Programming 1, 2021-2
Week 9: Notes

Some of today's topics are covered in these sections of Think Python:

Here are some more notes.

Magic methods for operator overloading

Python's magic methods let us specify custom behavior for our classes. We have already seen two magic methods in Python: __init__ for initializing an object, and __repr__ for converting an object to a string.

Additional magic methods let us customize the behavior of the +, -, *, and / operators:

More similar operators exist; you can read about them in the official Python reference.

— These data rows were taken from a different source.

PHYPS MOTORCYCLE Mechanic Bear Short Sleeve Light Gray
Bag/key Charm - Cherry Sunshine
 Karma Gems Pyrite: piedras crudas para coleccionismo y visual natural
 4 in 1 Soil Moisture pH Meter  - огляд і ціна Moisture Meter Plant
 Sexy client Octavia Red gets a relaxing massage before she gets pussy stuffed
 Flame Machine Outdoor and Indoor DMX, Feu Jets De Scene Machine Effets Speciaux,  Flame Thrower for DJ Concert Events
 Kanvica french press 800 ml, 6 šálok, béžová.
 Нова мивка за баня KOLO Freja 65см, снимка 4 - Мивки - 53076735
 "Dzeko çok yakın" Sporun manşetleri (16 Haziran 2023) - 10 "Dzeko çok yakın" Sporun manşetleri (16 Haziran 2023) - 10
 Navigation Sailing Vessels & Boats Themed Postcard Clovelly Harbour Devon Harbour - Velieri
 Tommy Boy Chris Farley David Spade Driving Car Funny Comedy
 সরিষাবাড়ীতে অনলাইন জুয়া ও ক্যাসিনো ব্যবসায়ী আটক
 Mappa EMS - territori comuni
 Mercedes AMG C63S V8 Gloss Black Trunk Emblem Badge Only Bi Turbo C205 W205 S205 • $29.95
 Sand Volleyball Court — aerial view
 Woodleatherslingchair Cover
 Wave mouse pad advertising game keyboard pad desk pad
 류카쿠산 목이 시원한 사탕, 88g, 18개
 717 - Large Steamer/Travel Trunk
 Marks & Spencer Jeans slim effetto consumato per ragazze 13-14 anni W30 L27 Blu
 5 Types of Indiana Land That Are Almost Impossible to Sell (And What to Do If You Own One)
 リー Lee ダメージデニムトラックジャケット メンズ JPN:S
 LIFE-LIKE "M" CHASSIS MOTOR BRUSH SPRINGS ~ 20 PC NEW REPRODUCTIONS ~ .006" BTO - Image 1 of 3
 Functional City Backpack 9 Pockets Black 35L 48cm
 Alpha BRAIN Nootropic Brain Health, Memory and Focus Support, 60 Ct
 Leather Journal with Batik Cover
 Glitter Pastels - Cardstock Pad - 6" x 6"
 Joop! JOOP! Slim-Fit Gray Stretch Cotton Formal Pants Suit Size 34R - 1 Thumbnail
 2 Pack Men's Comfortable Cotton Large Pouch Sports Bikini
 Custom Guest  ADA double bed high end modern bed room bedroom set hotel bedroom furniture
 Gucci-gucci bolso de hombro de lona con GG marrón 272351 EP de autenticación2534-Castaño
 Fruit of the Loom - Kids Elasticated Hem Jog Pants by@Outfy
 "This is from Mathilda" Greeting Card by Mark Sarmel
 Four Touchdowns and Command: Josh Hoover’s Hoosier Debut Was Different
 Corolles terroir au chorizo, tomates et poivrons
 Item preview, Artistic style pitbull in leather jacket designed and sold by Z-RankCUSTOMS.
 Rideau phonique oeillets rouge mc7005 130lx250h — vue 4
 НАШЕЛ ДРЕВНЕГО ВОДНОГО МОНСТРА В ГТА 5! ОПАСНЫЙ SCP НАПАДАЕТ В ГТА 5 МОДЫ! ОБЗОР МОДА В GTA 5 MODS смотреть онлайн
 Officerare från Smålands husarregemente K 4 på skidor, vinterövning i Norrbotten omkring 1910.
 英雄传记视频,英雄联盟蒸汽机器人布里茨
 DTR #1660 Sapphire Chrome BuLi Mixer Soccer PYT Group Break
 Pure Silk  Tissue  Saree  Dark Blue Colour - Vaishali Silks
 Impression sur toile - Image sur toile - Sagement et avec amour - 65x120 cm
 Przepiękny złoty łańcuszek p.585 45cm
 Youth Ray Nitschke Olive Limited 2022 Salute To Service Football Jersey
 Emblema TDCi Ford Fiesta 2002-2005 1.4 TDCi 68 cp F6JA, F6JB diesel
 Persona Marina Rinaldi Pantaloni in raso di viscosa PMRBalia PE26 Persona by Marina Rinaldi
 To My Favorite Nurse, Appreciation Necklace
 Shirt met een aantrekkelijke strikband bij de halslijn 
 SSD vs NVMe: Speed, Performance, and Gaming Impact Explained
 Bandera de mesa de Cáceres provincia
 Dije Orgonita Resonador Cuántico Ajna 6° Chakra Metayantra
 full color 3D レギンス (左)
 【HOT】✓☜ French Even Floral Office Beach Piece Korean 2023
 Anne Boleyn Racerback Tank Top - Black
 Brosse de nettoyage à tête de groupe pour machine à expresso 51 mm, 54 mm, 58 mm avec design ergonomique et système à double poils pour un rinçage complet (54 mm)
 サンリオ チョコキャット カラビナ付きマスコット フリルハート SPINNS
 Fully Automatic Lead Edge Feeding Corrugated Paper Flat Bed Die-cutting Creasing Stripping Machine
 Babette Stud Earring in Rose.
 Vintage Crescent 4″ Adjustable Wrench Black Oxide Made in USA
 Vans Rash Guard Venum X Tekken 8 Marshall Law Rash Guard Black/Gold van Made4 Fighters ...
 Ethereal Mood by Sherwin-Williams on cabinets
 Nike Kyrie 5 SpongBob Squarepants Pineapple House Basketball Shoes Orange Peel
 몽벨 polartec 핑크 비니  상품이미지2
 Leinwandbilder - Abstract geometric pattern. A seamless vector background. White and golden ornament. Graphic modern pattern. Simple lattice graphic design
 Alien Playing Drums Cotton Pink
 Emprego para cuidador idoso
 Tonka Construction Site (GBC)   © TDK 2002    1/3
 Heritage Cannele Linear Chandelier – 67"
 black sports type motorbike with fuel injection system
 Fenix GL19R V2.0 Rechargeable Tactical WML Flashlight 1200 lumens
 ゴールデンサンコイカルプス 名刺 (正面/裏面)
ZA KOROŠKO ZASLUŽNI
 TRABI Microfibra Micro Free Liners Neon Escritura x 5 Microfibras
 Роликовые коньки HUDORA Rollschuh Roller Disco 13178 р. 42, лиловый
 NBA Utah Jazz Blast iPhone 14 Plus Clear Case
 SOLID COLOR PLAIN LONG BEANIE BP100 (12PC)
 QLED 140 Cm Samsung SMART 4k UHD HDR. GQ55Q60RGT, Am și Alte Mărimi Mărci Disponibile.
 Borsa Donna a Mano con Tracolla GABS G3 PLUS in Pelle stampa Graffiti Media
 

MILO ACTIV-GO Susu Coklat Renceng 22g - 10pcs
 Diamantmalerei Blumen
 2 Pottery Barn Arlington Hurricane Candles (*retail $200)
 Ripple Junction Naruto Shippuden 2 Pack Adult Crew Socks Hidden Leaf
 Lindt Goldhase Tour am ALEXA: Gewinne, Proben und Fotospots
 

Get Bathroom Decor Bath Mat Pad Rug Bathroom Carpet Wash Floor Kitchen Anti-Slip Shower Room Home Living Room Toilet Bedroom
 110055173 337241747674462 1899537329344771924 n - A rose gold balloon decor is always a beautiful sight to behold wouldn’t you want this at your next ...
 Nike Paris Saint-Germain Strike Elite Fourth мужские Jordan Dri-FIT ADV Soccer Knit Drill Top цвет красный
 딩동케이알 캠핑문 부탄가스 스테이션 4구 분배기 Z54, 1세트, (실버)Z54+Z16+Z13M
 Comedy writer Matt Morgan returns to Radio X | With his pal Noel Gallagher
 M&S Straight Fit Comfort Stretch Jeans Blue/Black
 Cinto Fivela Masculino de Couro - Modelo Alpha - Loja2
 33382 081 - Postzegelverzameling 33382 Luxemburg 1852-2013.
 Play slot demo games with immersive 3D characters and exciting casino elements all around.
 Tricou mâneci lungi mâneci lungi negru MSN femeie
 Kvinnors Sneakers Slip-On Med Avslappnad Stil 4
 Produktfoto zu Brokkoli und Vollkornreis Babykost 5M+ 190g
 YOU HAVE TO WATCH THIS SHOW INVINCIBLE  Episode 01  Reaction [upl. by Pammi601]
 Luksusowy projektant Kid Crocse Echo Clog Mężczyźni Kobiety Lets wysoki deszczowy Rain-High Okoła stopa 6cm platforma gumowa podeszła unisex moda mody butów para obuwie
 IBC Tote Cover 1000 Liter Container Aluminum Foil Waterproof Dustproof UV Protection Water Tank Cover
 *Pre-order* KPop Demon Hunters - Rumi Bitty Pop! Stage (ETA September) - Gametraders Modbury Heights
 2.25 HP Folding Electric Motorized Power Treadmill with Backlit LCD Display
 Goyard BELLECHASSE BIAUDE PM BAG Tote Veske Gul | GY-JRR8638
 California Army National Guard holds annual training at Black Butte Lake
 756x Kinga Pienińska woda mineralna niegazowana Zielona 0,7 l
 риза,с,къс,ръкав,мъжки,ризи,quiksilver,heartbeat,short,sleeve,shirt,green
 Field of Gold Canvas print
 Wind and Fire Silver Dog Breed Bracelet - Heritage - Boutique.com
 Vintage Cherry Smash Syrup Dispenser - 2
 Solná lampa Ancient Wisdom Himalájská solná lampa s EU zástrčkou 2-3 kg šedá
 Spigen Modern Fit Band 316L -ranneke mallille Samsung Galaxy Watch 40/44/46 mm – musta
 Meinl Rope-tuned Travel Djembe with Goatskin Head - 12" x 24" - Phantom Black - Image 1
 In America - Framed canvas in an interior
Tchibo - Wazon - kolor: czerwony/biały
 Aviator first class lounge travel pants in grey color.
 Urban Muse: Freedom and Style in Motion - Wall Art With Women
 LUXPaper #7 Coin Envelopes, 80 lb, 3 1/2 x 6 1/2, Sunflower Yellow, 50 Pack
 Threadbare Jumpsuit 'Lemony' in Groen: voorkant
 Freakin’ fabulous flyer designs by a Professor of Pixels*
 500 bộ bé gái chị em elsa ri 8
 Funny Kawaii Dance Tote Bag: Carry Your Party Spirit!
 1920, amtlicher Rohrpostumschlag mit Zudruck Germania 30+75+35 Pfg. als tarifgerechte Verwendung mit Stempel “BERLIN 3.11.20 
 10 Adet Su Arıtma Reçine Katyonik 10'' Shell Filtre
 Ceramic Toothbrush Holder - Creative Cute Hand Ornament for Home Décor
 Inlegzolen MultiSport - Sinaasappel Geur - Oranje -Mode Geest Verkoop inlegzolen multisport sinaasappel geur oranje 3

But the ones listed here are sufficient for our purposes for now.

By the way, providing custom behavior for operators such as these is called operator overloading, and is possible in many (but not all) programming languages.

To see how these are used, let's write a class Vector that can represent a vector with an arbitrary number of elements. We'll include a __repr__ method so that vectors print out nicely:

class Vector:
    def __init__(self, *args):
        self.a = args

# Generate a string representation such as [3 5 10].
def __repr__(self):
l = [str(x)
for x in self.a]
return '[' + ' '.join(l) + ']'

We've already seen that a parameter such as "*args" allows a function or method to accept an arbitrary number of arguments, which are gathered into a single tuple. So our initializer sets the attribute 'a' to hold a tuple of values in the vector:

>>> v = Vector(2.0, 4.0, 5.0)
>>> v.a
(2.0, 4.0, 5.0)

We will now implement a magic method __add__ that allows the operator + to combine instances of our Vector class:

def __add__(self, w):
    assert len(self.a) == len(w.a), 'vectors must have same dimension'
    sum = []
        
    for i in range(len(self.a)):
        sum.append(self.a[i] + w.a[i])
        
    return Vector(*sum)

Notice that when we call the Vector constructor, we must use the '*' operator to explode the values from 'sum' into separate arguments, because the initializer function expects each coordinate to be a separate argument. (The initializer will gather all these arguments back into a tuple.)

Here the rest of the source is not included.